Locke FL, et al. - Researchers present long-term activity and safety outcomes of the ZUMA-1 study, wherein, axicabtagene ciloleucel [an autologous anti-CD19 chimeric antigen receptor (CAR) T-cell therapy] was tested as a treatment option for refractory large B-cell lymphoma. The previous analysis of the ZUMA-1 registrational study, with a median follow-up of 15·4 months (IQR 13·7–17·3), reported an objective response in 89 (82%) of 108 assessable patients with refractory large B-cell lymphoma, and complete responses in 63 (58%) patients.
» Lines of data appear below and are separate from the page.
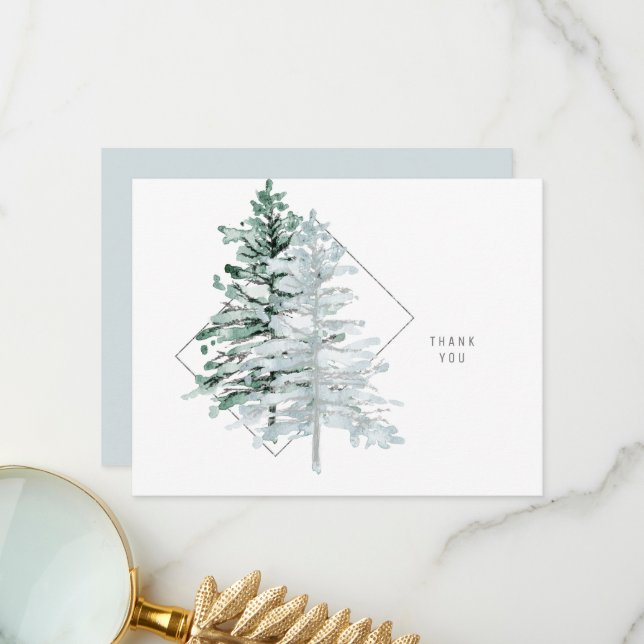 Einfaches Watercolor-Wald-Sea-GlasHochzeit Dankeskarte (Vorderseite/Rückseite Beispiel)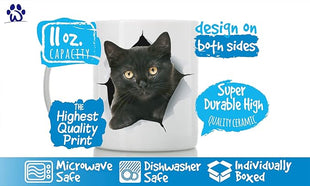 Funny Black Kitten Coffee Mug - Ceramic Funny Cat Mug - Perfect Cat Lover Gift - Cute Novelty Coffee Mug Present - Great Birthday or Christmas Surprise for Friend or Coworker, Men and Women (11oz)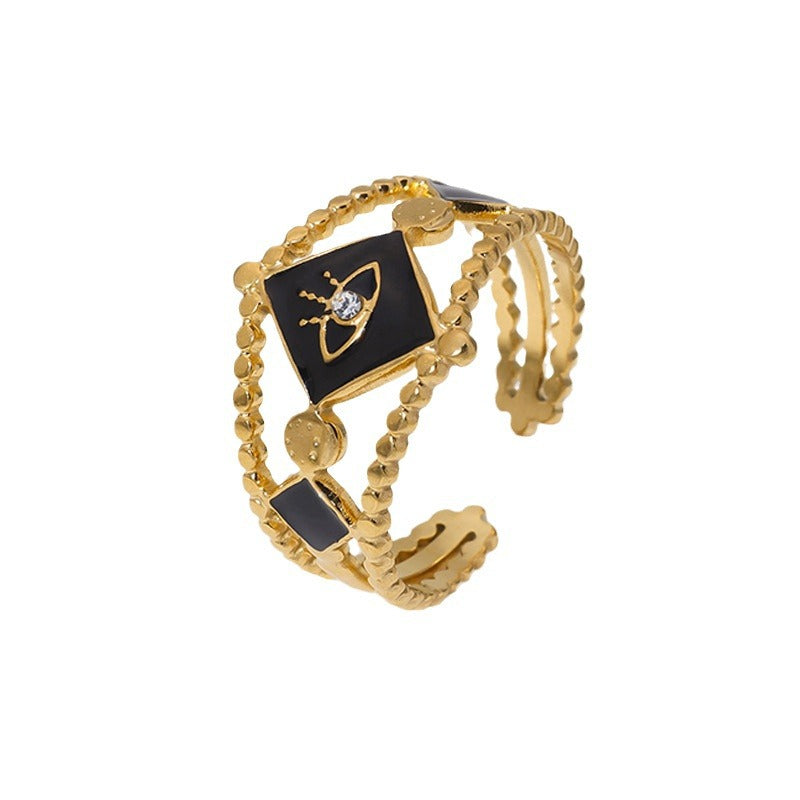 Fashion French Style Evil Eye Rhombus Shape Stainless Steel 18K Gold Plated Enamel Adjustable Ring for Women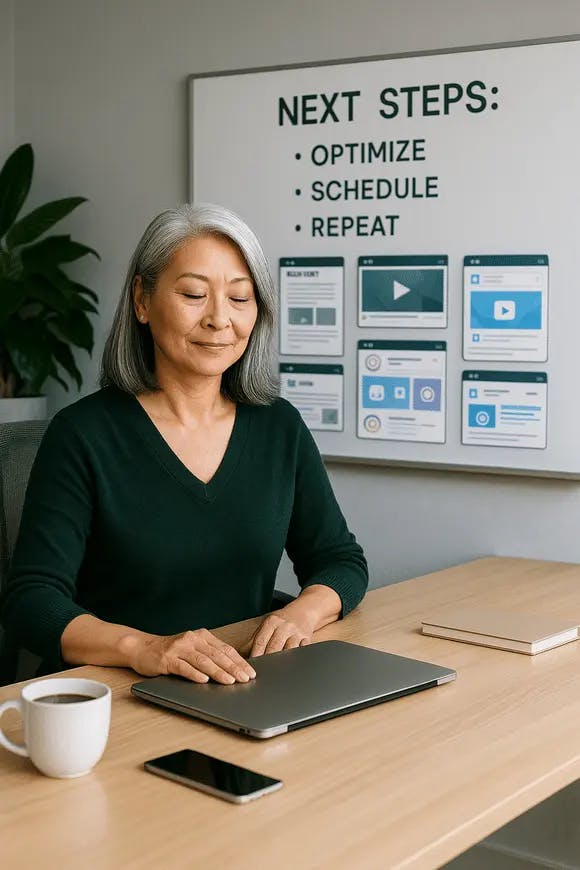 strategist reviewing repurposed content plan with actionable next steps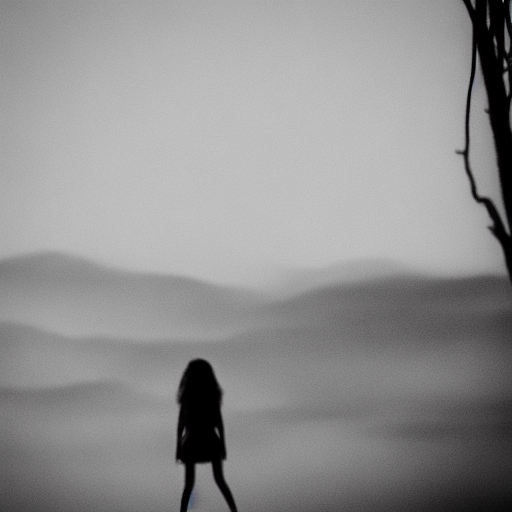 La imagen muestra la silueta de una figura femenina solitaria en medio de un paisaje cubierto de niebla. La composición crea una atmósfera de misterio y aislamiento, con un fondo que sugiere colinas o montañas suaves que se desvanecen en la niebla. Esta imagen es ideal para evocar emociones de soledad o contemplación.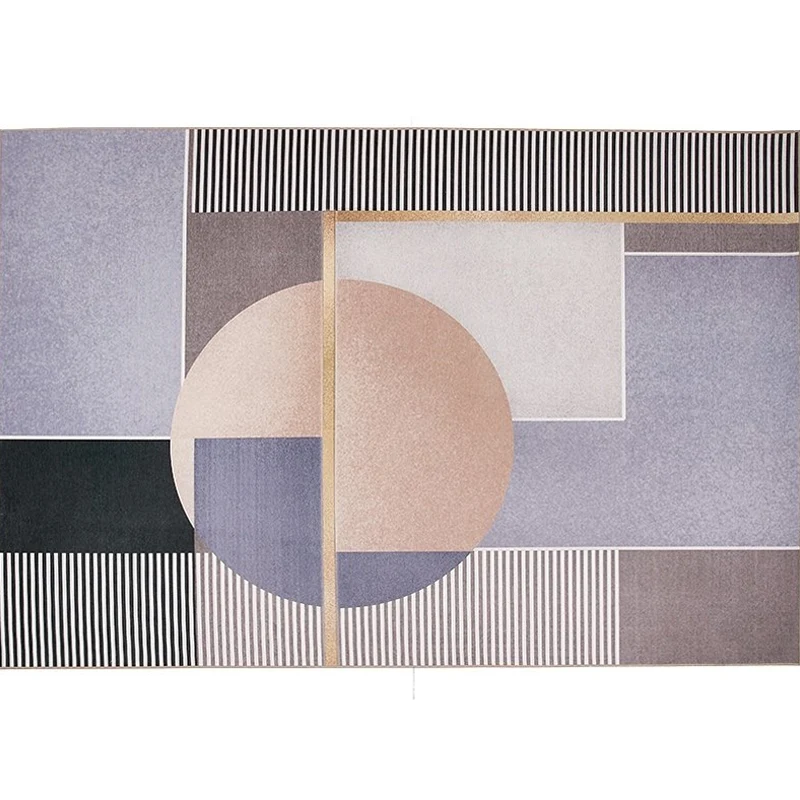 Lila Teppich mit geometrischem Muster und Streifen, moderner Chenille-Teppich, haustierfreundlich, waschbar, rutschfester...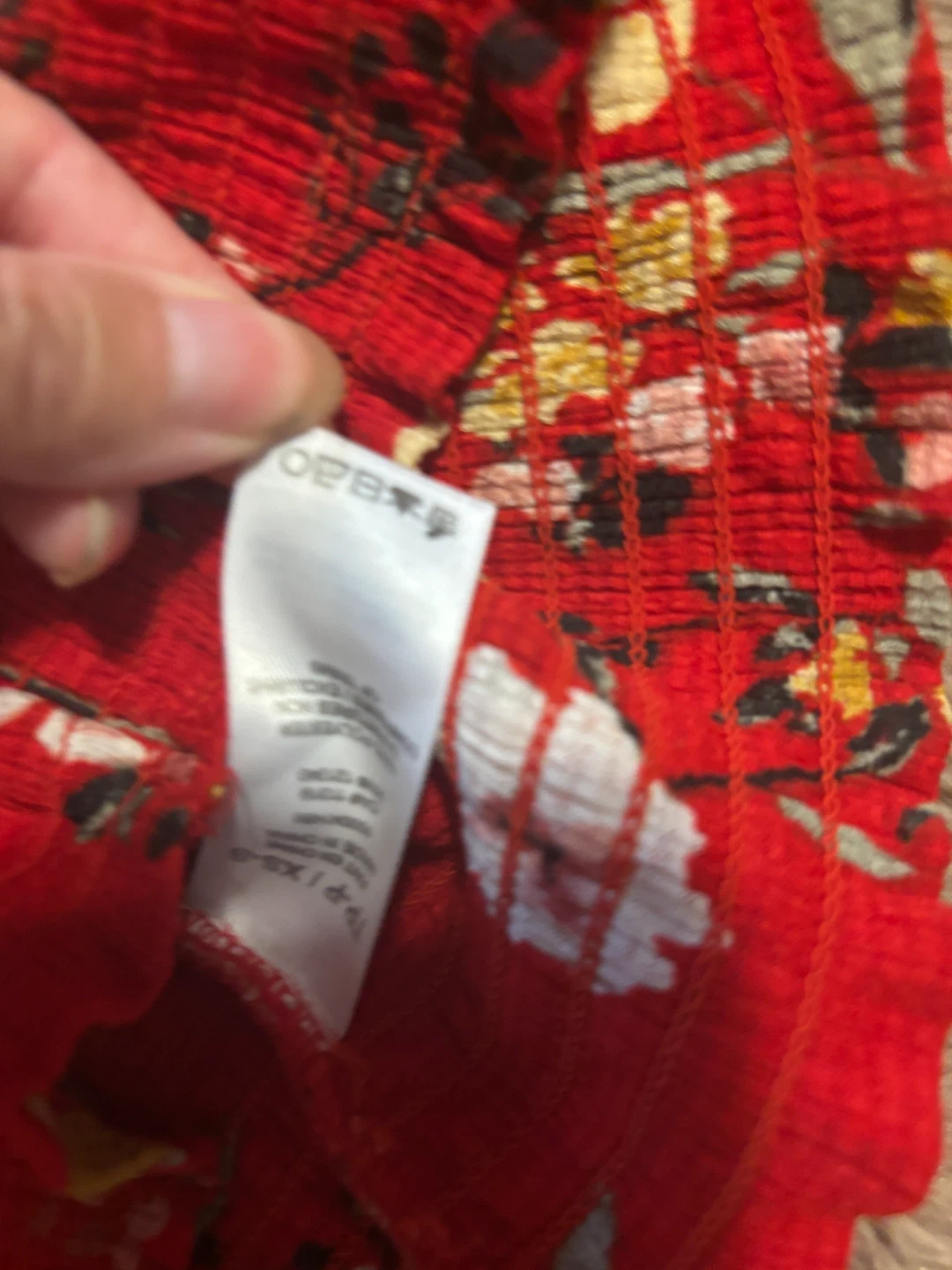 Dynamite Red Floral Smocked Off-Shoulder Top - photo 3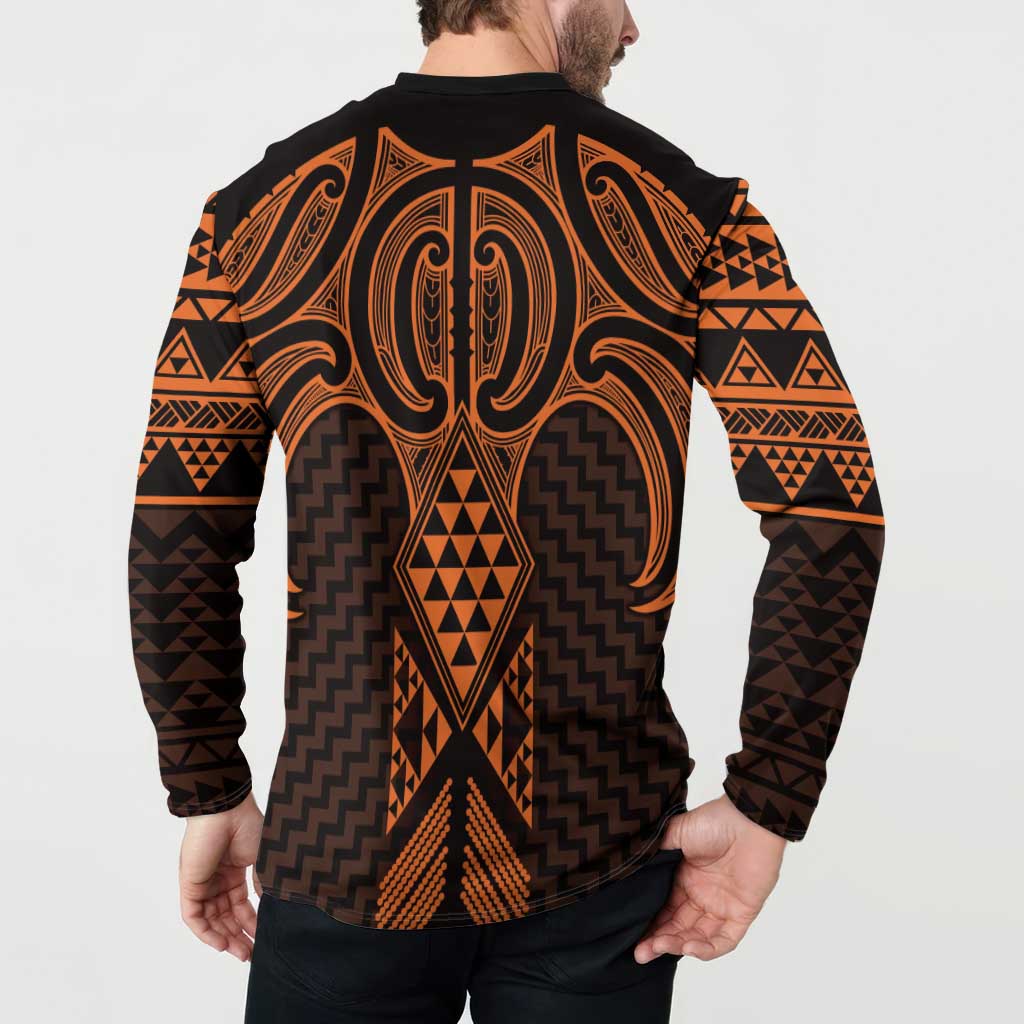Karaka Maori Ta Moko Poutama Art Button Sweatshirt LT9 - Polynesian Pride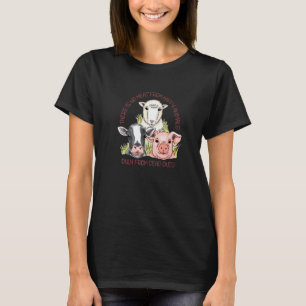 No Meat From Happy Animals Vegetable Plant Funny T-Shirt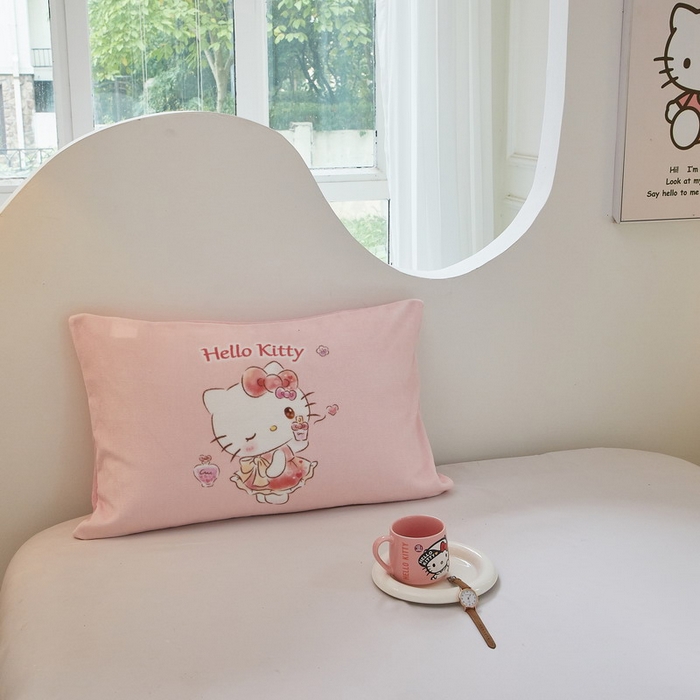 91家纺网 家纺一手货源 找家纺 蘭菲家纺 2024新款牛奶绒卡通三丽鸥单品枕套 向往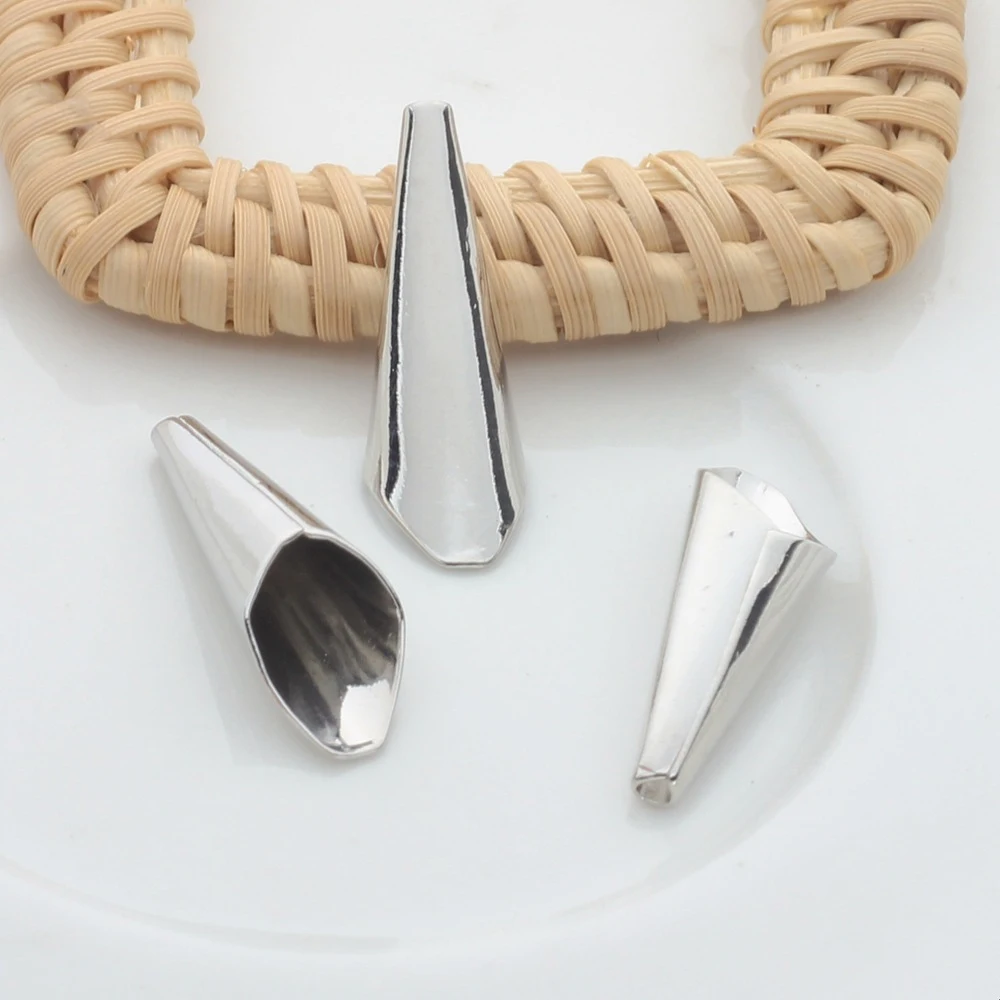 10pcs Simple Hollow Out Horn Shape Charms Pendant Jewelry Making Accessories Handmade DIY Beading Bracelet Necklace Ornament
The ability of axicabtagene ciloleucel to induce durable responses and a median overall survival of greater than 2 years was demonstrated in 2-year follow-up data from ZUMA-1. Furthermore, it showed a manageable long-term safety profile in patients with relapsed or refractory large B-cell lymphoma.

Methods

• Including eligible patients, a single-arm, multicentre, registrational trial, named ZUMA-1, was conducted at 22 sites in the USA and Israel.
• Eligibility criteria included patients aged 18 years or older, having histologically confirmed large B-cell lymphoma—including diffuse large B-cell lymphoma, primary mediastinal B-cell lymphoma, and transformed follicular lymphoma—according to the 2008 WHO Classification of Tumors of Hematopoietic and Lymphoid Tissue; refractory disease or relapsed after autologous stem-cell transplantation; an Eastern Cooperative Oncology Group performance status of 0 or 1; and having previously received an anti-CD20 monoclonal antibody containing-regimen and an anthracycline-containing chemotherapy.
• Following conditioning chemotherapy with intravenous fludarabine (30 mg/m² body-surface area) and cyclophosphamide (500 mg/m² body-surface area) on days −5, −4, and −3, researchers administered one dose of axicabtagene ciloleucel to participants on day 0 at a target dose of 2×10⁶ CAR T cells per kg of bodyweight.
• They focused on safety (primary endpoint for phase 1) and the proportion of patients achieving an objective response (primary endpoint for phase 2).
• They also evaluated overall survival, progression-free survival, and duration of response (key secondary endpoints).
• Based on the protocol, they performed pre-planned activity and safety analyses.

Results

• Enrollment of 119 patients and axicabtagene ciloleucel receipt by 108 across phases 1 and 2 was done between May 19, 2015, and Sept 15, 2016.
• As of the cutoff date of Aug 11, 2018, a median 27·1 months (IQR 25·7–28·8) follow-up was performed in 101 patients assessable for activity in phase 2, an objective response and a complete response was seen in 84 (83%) and 59 (58%) patients, respectively.
• The observed median duration of response was 11·1 months (4·2–not estimable).
• The median overall survival was not reached (12·8–not estimable), and the median progression-free survival of 5·9 months (95% CI 3·3–15·0) was observed.
• Grade 3 or worse serious adverse events were experienced by 52 (48%) of 108 patients assessable for safety in phases 1 and 2.
• Twelve (11%) patients experienced grade 3 or worse cytokine release syndrome, and 35 (32%) had grade 3 or worse neurological events.
• Since the previous analysis at 1 year, 4 patients were found to have additional serious adverse events (grade 3 mental status changes, grade 4 myelodysplastic syndrome, grade 3 lung infection, and two episodes of grade 3 bacteraemia), none of which were judged to be treatment related.
• Previously, 2 treatment-related deaths (due to haemophagocytic lymphohistiocytosis and cardiac arrest) were reported, but additional follow-up revealed no new treatment-related deaths.